Charles Fried is an esteemed scholar and public figure–the former solicitor general of the United States and a Harvard law professor. So it comes as no surprise that he is unafraid to tackle such a serious issue as the relationship between liberty and government. The result, his new book Modern Liberty and the Limits of Government, is a thought-provoking treatise that deserves our appreciation–but also our close critical scrutiny.
It is clear that Fried intended to author what might be called a love poem to liberty. Indeed, he begins his book by paraphrasing the Aeneid, writing, “it is of the liberty of the moderns that I sing.” He attempts to show that this liberty–the liberty of an individual human being to live, insofar as possible, a self-chosen existence–is central to life in modern democratic societies. As such, democratic political decisions ought to be made with the scales of justice tilting firmly in liberty’s direction.

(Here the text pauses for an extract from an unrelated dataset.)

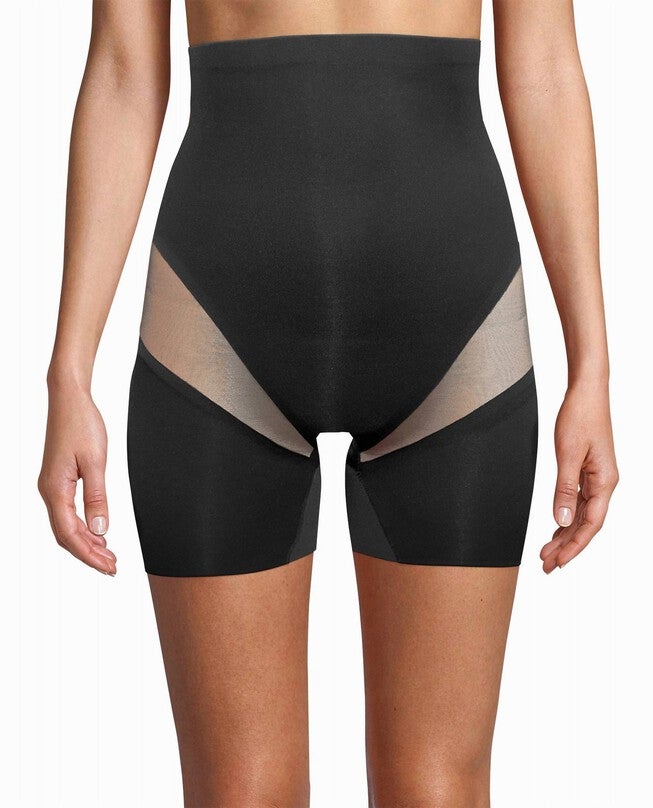 2-PACK SCUBA HIGH WAISTED SHAPING SHORTS, Nm Black And Caf / Black, hi-res image number null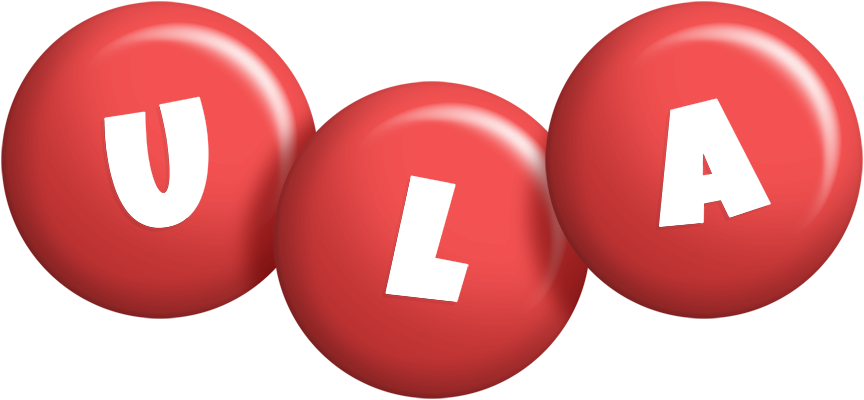 Ula candy-red logo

This is all well and good, and most citizens in modern democratic states would certainly agree with these general outlines, but the flaws in Fried’s argument become apparent once we delve into the details. In certain ways, Modern Liberty and the Limits of Government is oddly unsatisfying. Far from clearly establishing those limits on state power, this book demonstrates exactly how difficult it is to define them, and why any attempt to derive a practical account of freedom from an abstract theory of rights is inherently problematic.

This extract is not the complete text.